Fernando Alonso has added his voice to the 'spec engine' row bubbling under in Formula One, threatening to walk away from the sport if it went down that particular route.

While little has been heard of FIA president Max Mosley's plans to investigate the possibility of all teams running the same engine in future seasons, Alonso joined several of the major manufacturers involved in F1 - including world champion Ferrari and big spender Toyota - in claiming that altering the fabric of the sport to that degree would be a reason to quit.

Alonso is one of the more bankable stars in the top flight and, like Ferrari, would be something Mosley and commercial guru Bernie Ecclestone would be keen to keep on board for years to come. However, the Spaniard, who claimed back-to-back world titles for the previously unfancied Renault team in 2005-06, admitted that, in his opinion, Formula One was regressing from its supposed position at the head of technological innovation and pure performance.

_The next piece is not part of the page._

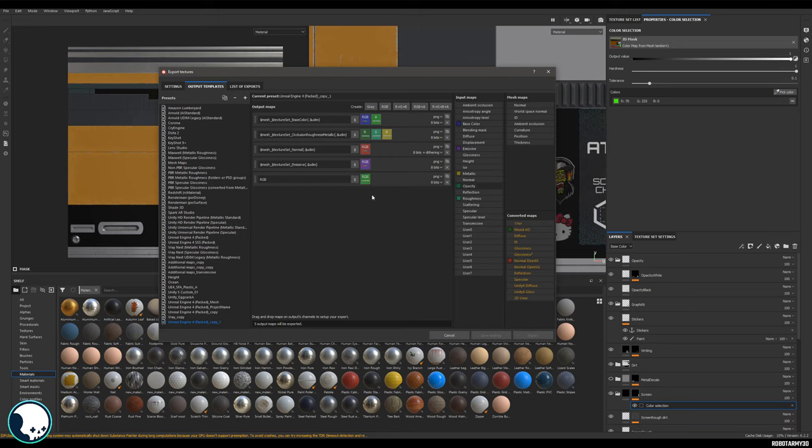Next we want to copy the name of one of the other channels and paste it in there. Get rid of the start of this and type in opacity. And then at the beginning of this as well, we're going to write dollar sign and project.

"If they approved [the spec engine], it would be the last straw - time to think about retirement," he told reporters at an event organised by sponsor ING, "In 2005, we had a V10 engine with 1000 horsepower, and that was what was exciting for the driver - motor racing at the limit. Now we have gone from the futuristic to cars without grip or electronic aids which look like something from the past. Formula One should be the leader when it comes to technology."

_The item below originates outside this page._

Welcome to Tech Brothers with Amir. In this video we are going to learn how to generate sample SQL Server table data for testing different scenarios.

Despite his fears, however, Alonso remains unconvinced that the FIA would push through a rule forcing all teams to use the same powerplant.

"I think it would be the end of Formula One as we know it," he admitted, "but I do not believe that they will carry it out. I think there would only be one type of engine for those teams that cannot manufacture their own [and do not have a manufacturer supply]."

Technical changes are already afoot for 2009, and Alonso is happy to see the return of slick tyres to the top flight, even if he appears less interested by the introduction of KERS - which will be optional next season - or the possibility to adjust the car's aerodynamics from inside the cockpit.

"I think we'll all be starting from scratch with the new tyres, and that can be good for us," he said of the Renault team, with which he signed a two-year extension to his deal last month, "The Bridgestones of the two last years were quite special and there were certain difficulties that we never got on top of as they were very different to the Michelins of 2005 and 2006. That they have is, in itself, already good for me.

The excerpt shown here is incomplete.